**Work required**
Your task is to copy the listing exactly. Drop any pictures from the copy.

**Exercise data**
::::::::::
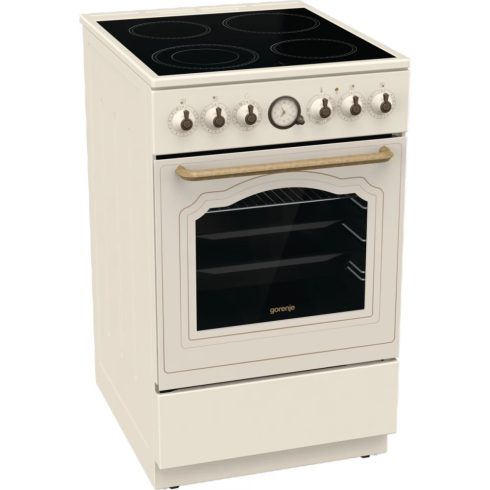 GORENJE GECS5B70CLI Villanytűzhely A 70 l bézs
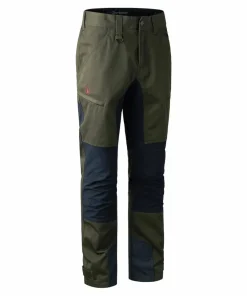 Deerhunter Men's Rogaland Stretch Trousers with Contrast Adventure Green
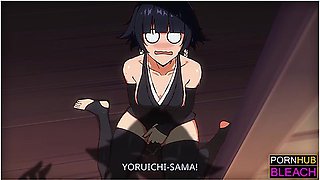 Bleach Hentai. Threesome Of Yoruichi And Soy Fong Fucking Together With Ichigo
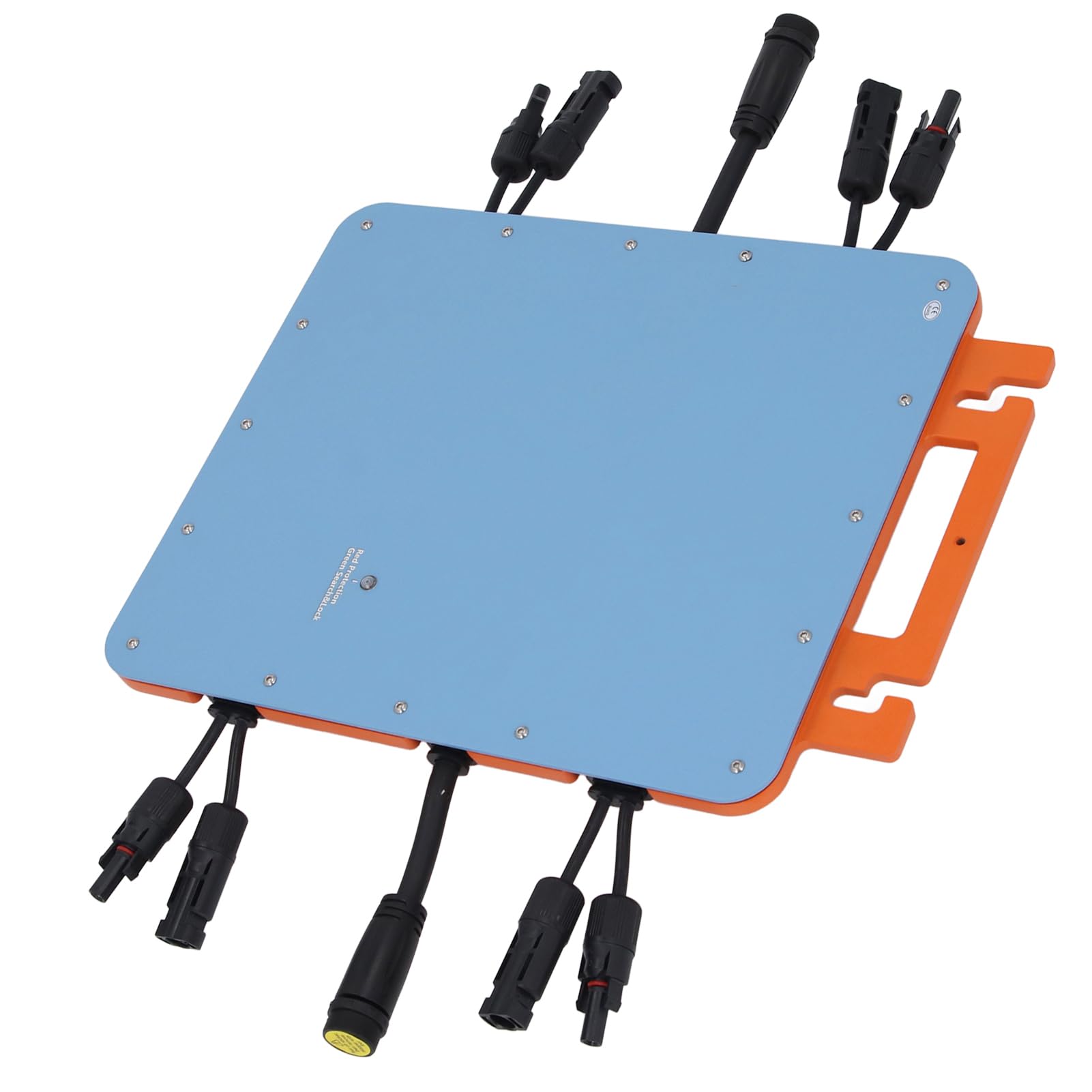Sterowanie Wi-Fi Inwerter Solarny, Jednofazowy Zestaw Mikroinwertera Sieciowego 2000 W, Wodoodporność IP66, Monitorowanie W Czasie Rzeczywistym, (Marhynchuspw67ydxbf0-12)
::::::::::
**Written solution**
 GORENJE GECS5B70CLI Villanytűzhely A 70 l bézs
 Deerhunter Men's Rogaland Stretch Trousers with Contrast Adventure Green
 Bleach Hentai. Threesome Of Yoruichi And Soy Fong Fucking Together With Ichigo
Sterowanie Wi-Fi Inwerter Solarny, Jednofazowy Zestaw Mikroinwertera Sieciowego 2000 W, Wodoodporność IP66, Monitorowanie W Czasie Rzeczywistym, (Marhynchuspw67ydxbf0-12)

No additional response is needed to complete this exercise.